New Formosa—No Hope of Returning.

After fastening the raft they returned towards the hut, for they were hungry now, and knew it was late, when Pan set up such a tremendous barking that they first listened, and then went to see. The noise led them to the green knoll where the rabbit burries were, and they saw Pan running round under the great oak thickly grown with ivy, in which Bevis had seen the wood-pigeons alight.

They went to the oak, it was very large and old, the branches partly dead and hung with ivy; they walked round and examined the ground, but could see no trace of anything. Mark hurled a fragment of a dead bough up into the ivy, it broke and came rustling down again, but nothing flew out. There did not seem to be anything in the tree.

“The squirrels,” said Bevis, suddenly remembering.

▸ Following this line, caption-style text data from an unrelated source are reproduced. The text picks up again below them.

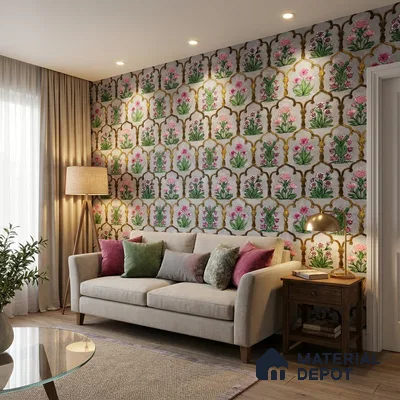 8051 | Grey Flower Trellis Floral Wallpaper - 10 Meter x 21 Inches, 57.41 Sq. Ft.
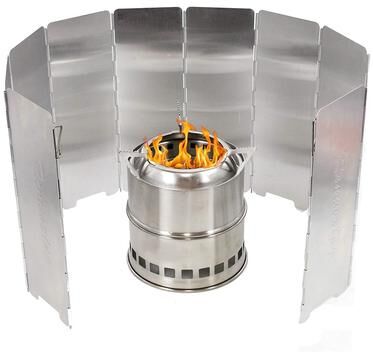 Inspire Daily Merch Aluminum Alloy Wind Shield For Gas Stove Windproof Screen For Outdoor Camping & Picnic Cooking 8 Plates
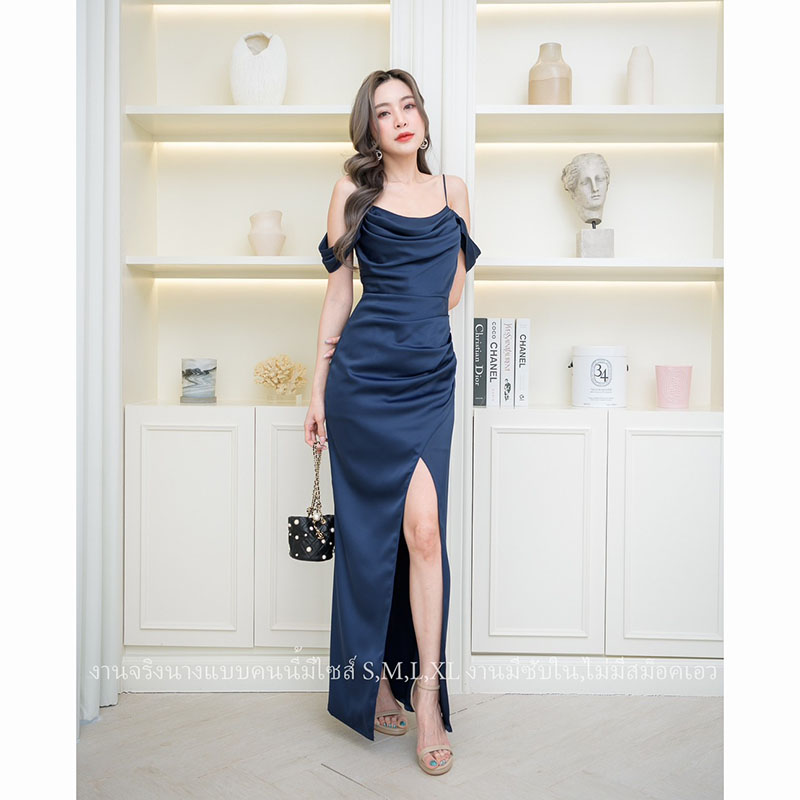 kudapy เดรสยาวเปิดไหล่ใส่ออกงาน สีชมพู/สีกรม/สีน้ำตาลอิฐ/สีแดงเลือดหมู ซับในทั้งชุด ผ้าเครปซาตินเนื้อดี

“Why, of course,” said Mark. “How stupid of us—Pan, you’re a donk.”

They left the oak and again went homewards: now Pan had been quite quiet while they were looking on the ground and up into the tree, but directly he understood that they had given up the search he set up barking again and would not follow. At the hut Bevis went in to cut some rashers from the bacon which had not been cooked and Mark ran up on the cliff to see the time.

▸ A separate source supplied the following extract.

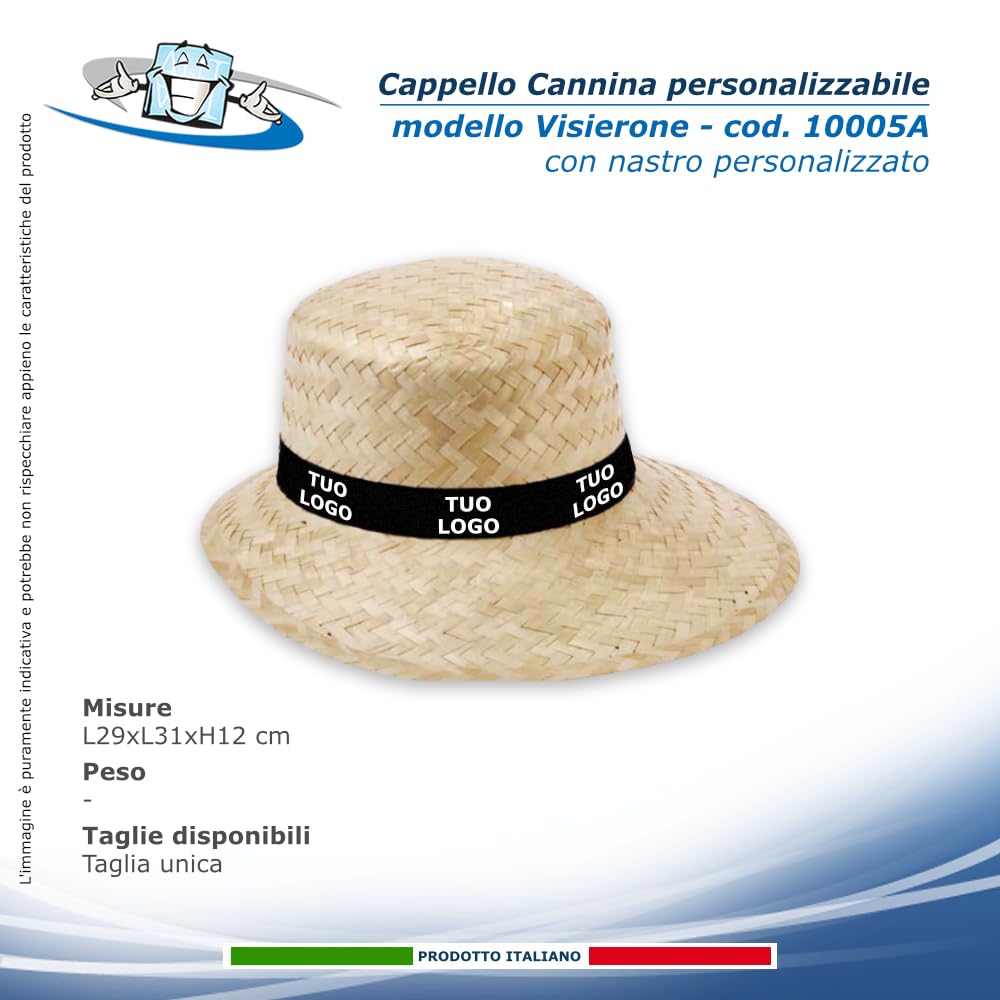 300 Cappelli personalizzati in Cannina 100 % Paglia Naturale disponibili 11 Modelli: Alpino, Cowboy, Borsalino, Pastorella, Indiana J., Gondoliere, Texano, Bombetta, Cubano con nastro personalizzato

It was already two o’clock—the work on the raft and the voyage to Serendib had taken up the morning. Bevis showed Mark where some mice had gnawed the edge of the uncooked bacon which had been lying in the store-room on the top of a number of thing’s. Mark said once he found a tomtit on the shelf pecking at the food they had left there, just like a tomtit’s impudence!

“Rashers are very good,” said Bevis, “if you haven’t got to cook them.” It was his turn, and he was broiling himself as well as the bacon.

“Macaroni eats his raw,” said Mark. They had often seen John Young eating thick slices of raw bacon in the shed as he sat at luncheon. “Horrible cannibal—he’s worse than Pan, who won’t touch it cooked.”

He looked outside the gate—there was the slice of the cooked bacon Bevis had cut for the spaniel lying on the ground. Pan had not even taken the trouble to put it in his larder. But something else had gnawed at it.

“A rat’s been here,” said Mark. “Don’t you remember the jack’s head?”

“And mice in the cave,” said Bevis.

“And a tomtit on the shelf.”

“And a robin on the table.”

“And a wagtail was in the court yesterday.”

“A wren comes on the stockade.”

“Spiders up there,” said Mark, pointing to the corner of the hut where there was a web.

“Tarantulas,” said Bevis, “and mosquitoes in the evening.”

“Everything comes to try and eat us up,” said Mark.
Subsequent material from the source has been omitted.